Commentary

Google's Censorship Compromise Panned By Digital Rights Group

Google's decision to censor its site more broadly in response to Europeans' requests to delete information about themselves sets a dangerous precedent, the digital rights group Center for Democracy & Technology says.

"We fear that in countries that engage in more severe online censorship and routinely restrict access to information, governments will demand that their censorship laws should be applied to global domains when accessed from their countries," writes Jens-Henrik Jeppesen, CDT's European affairs director.

He adds that this prospect could harm dissidents and other reformers who want to use the Web to advance democracy. "If this approach becomes standard practice for Internet companies, it will also serve as a barrier for new entrants to the online search and content-hosting business, as individual speakers and small businesses would struggle to implement geo-targeted availability of content based on several hundred countries’ laws," he writes.

Jeppesen's commentary comes in response to news that Google will now respond to some EU residents' requests to delete information by blocking Europeans from accessing search results.

Google will determine users' countries by their IP addresses -- a system that is far from foolproof. Netflix, for one, also tries to prevent people in some countries from accessing videos, but Netflix users have been able to circumvent the geo-blocking by connecting to the Web via virtual private networks.

Google's move, which came to light this week, marks an obvious attempt by the company to compromise with European privacy regulators, who have been pressing the company to broaden the "right to be forgotten" by censoring search results worldwide.

The development marks the newest twist in the company's long-running conflict with European officials over privacy. In 2014, Europe's highest court ruled that Google and other search engines must allow residents of European countries to delete links to certain embarrassing information about themselves from search results.

That decision empowers EU residents to ask Google to remove links to news articles, social media posts, and other material, but doesn't require Google to automatically grant those requests. Instead, Google is supposed to weigh people's rights to privacy against the public interest in the information.

The European court's ruling only affects search engines, and not the original source of the information. In some cases, Google has removed links to old news articles, but the original pieces are still available on sites like BBC.com and TheGuardian.com.

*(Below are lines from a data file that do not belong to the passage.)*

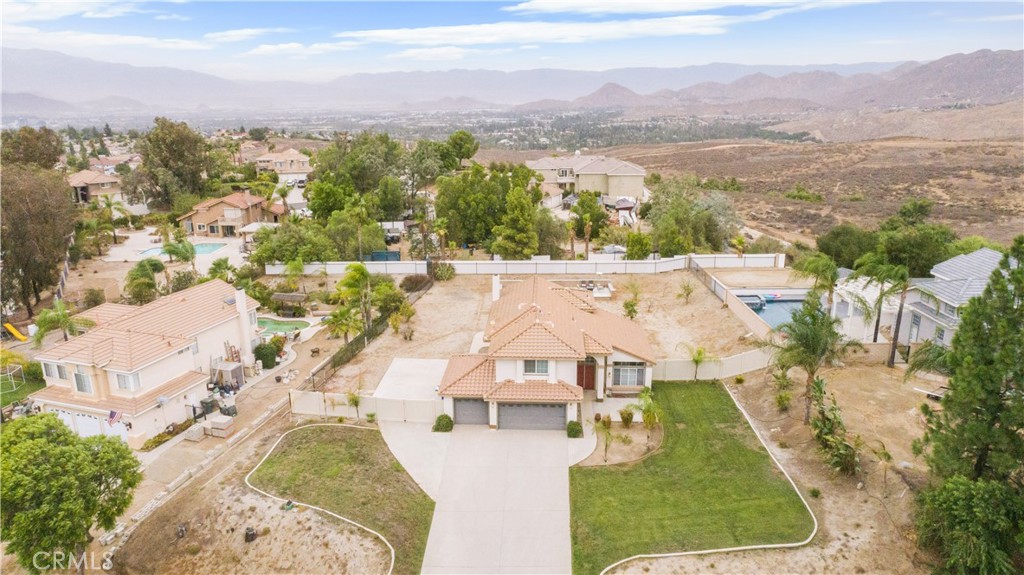 934 Mission Grove Riverside, CA 92506 - Photo 27 of 28 an aerial view of residential houses with outdoor space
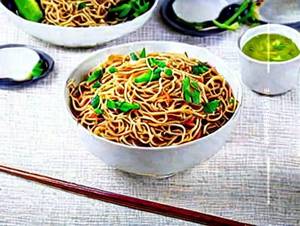 Veg. Noodles Schezwan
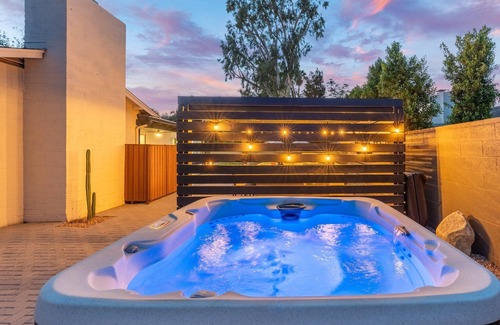 La Paz At Desert Springs House | Cool off in the pool! Minutes to golf and Kierland. Sleeps 12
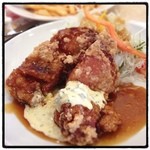 Gasuto - チキン南蛮スペシャル。
                      それなりに美味い。
                      安くはない。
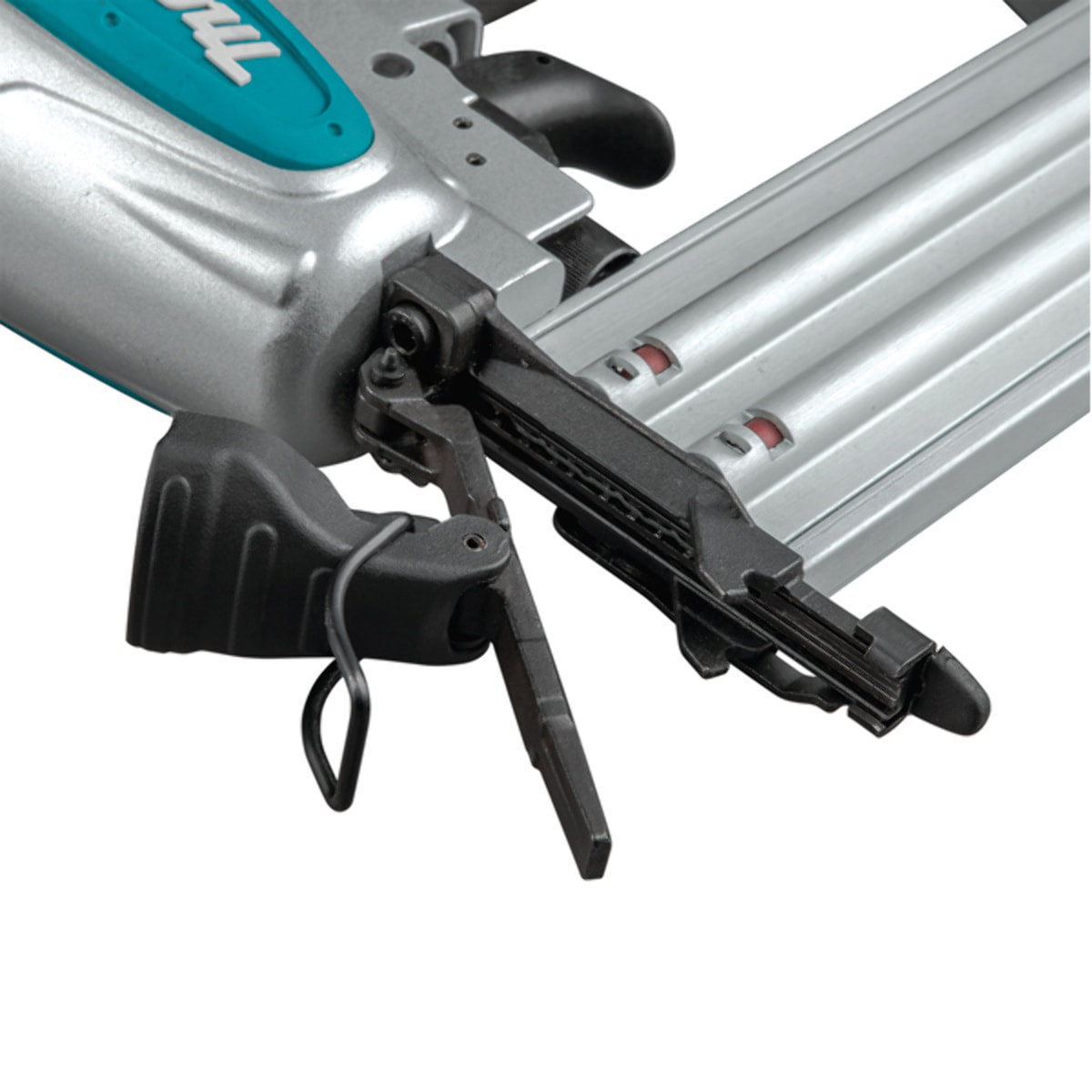 Clavadora neumática 8,3 bar 15 a 50 mm MAKITA - AF506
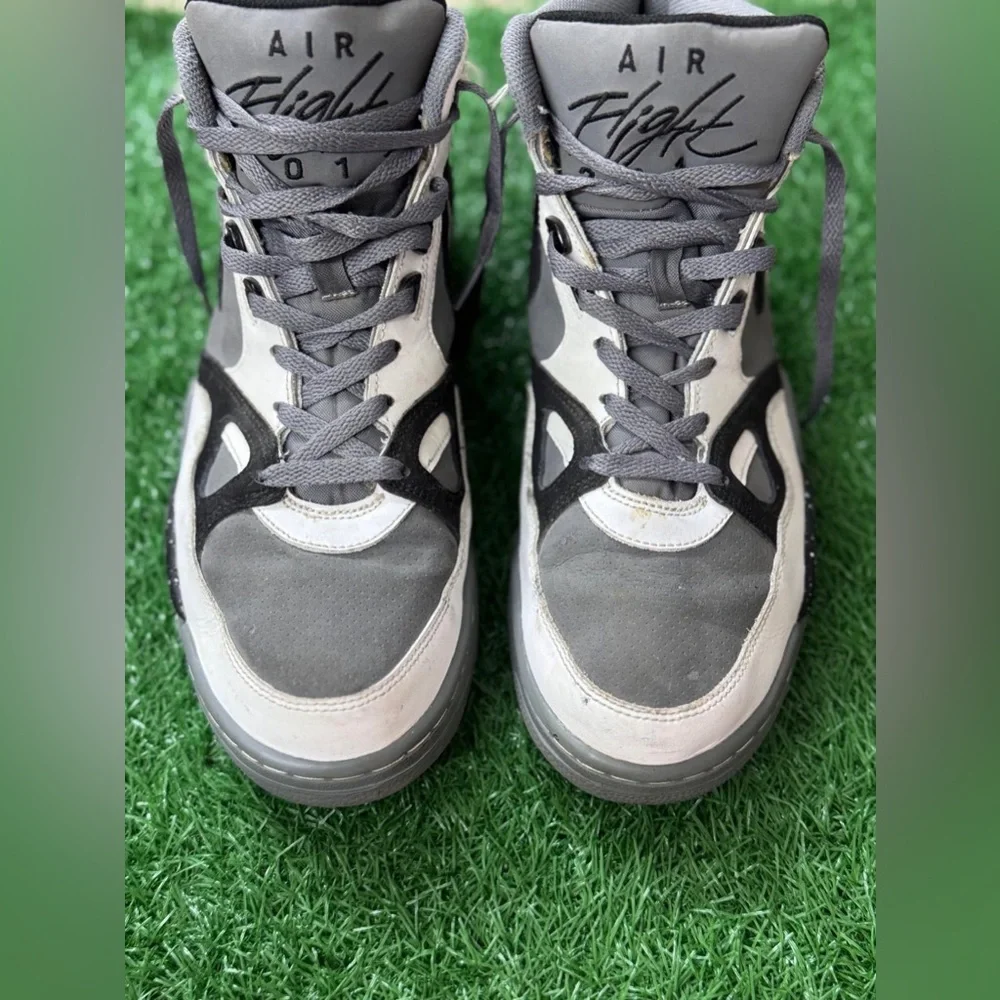 NIKE Air‎ Flight 2013, Men's Size 11.5 Mid Grey/White Shoe, 579961-011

Last June, France's data protection unit, CNIL, said Google must remove links from all of its results pages -- including Google.com in the U.S. -- and not just pages geared for European countries, like Google.fr.

The French authorities gave Google 15 days to comply or face the possibility of a $340,000 fine.

Google initially pushed back, arguing that allowing one country to censor the Web worldwide would result in a "race to the bottom."

"In the end, the Internet would only be as free as the world’s least free place," global privacy counsel Peter Fleischer said, noting that content that is legal in one country might be illegal in another. "Thailand criminalizes some speech that is critical of its King, Turkey criminalizes some speech that is critical of Ataturk, and Russia outlaws some speech that is deemed to be 'gay propaganda.'"

In September, France's data regulator rejected the company's appeal, potentially setting up a new court battle between Google and privacy regulators.

That battle could still occur, given that EU privacy officials haven't yet indicated whether they'll accept Google's partial concession.